Here in Phoenix, where I run a commercial janitorial service, we just endured a special election seeking to derail, as it were, a major expansion of our light rail system. Our current system, as I understand it, cannot even cover operating costs with ridership revenue, let alone make any payments on the huge debt for the initial construction. I supported the referendum to halt expansion; the voters, in their wisdom, voted to continue expansion - with even more debt.
Coincidentally, I just read "Strong Towns". Interesting work; resonates with much else of what I read. The author argues that prosperity is a bottom up proposition, not created from on high, and thus the prosperity of our towns and cities is more significant than (at least our view of) our society as a whole. Problem is, our cities seem destined to become Detroit.

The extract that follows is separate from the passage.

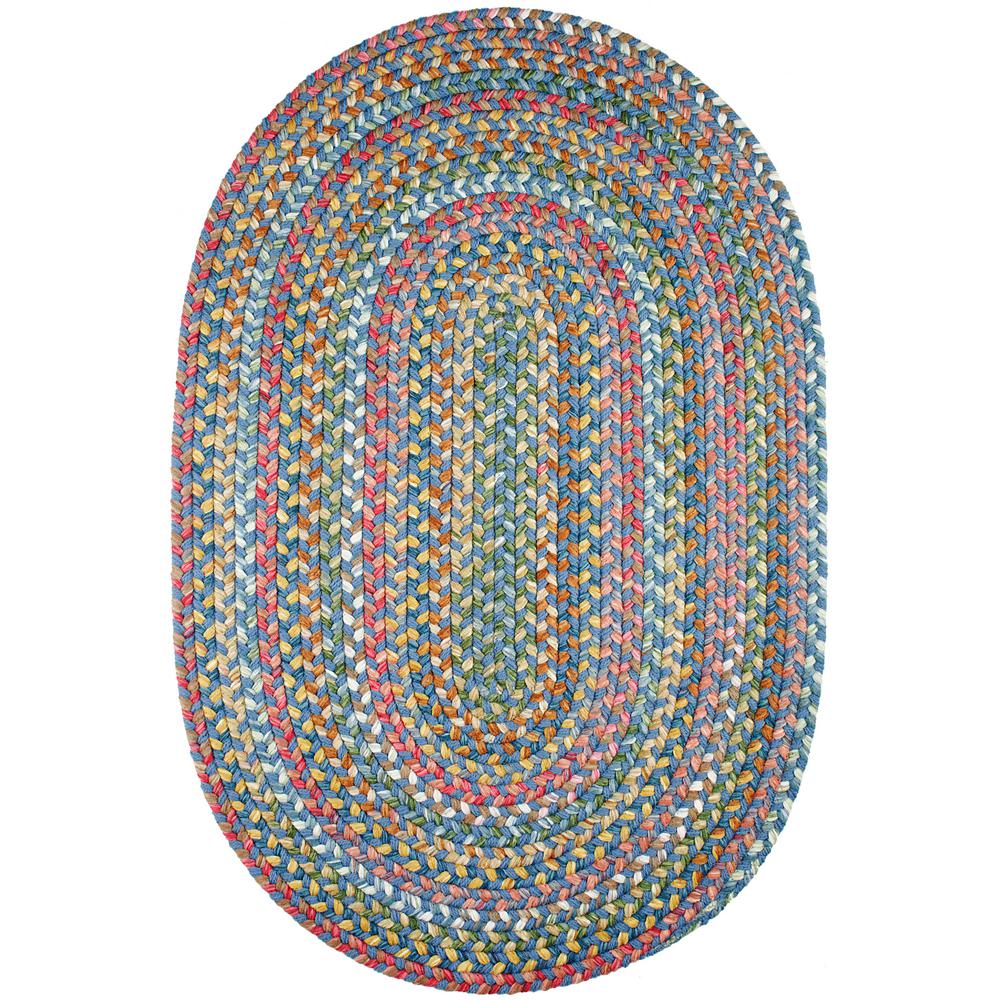 Rhody Rug Bouquet Sapphire 4 ft. x 6 ft. Oval Indoor/Outdoor Braided Area RugBQ95R048X072 The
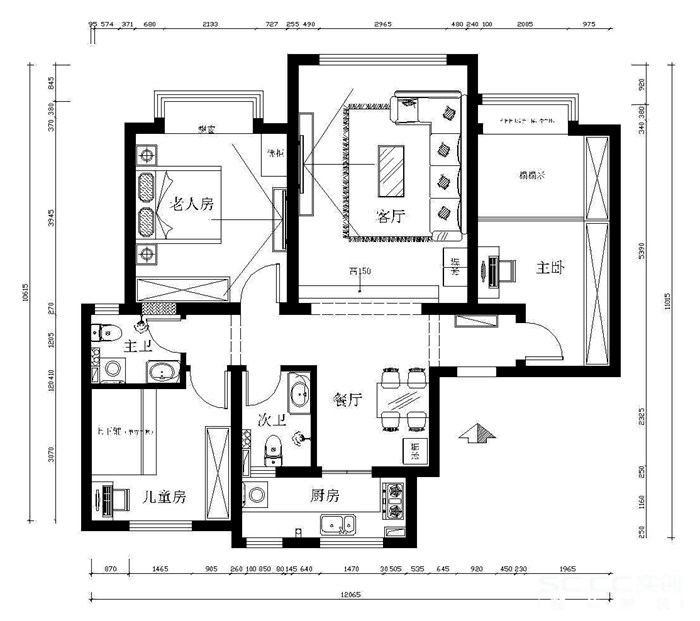 哈爾濱實(shí)創(chuàng)裝飾打造福順尚景124平高貴簡(jiǎn)潔現(xiàn)代三居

Traditional cities grew incrementally: a few modest structures at a road junction or a river crossing (think a bar, general store, and house of ill repute - all the necessities). Should those establishments fail, the owners will absorb a small loss, salvage what they can, and move on. No state of federal bail-out required. Should they succeed, more business will join them, and various stages of housing as well. The early tents and shacks will be replaced by one story frame, and then (as community grows, so there is more business and the property is more valuable) by two story, and eventually brick or stone. And maybe a mid-rise. Housing follows the same trajectory. Mixed use is the rule (one shouldn't have to walk very far, to work or the store or the bar). So folks are on site 24/7, accomplishing Jane Jakob's "eyes on the street". Property tends to increase in value, and so is maintained and improved.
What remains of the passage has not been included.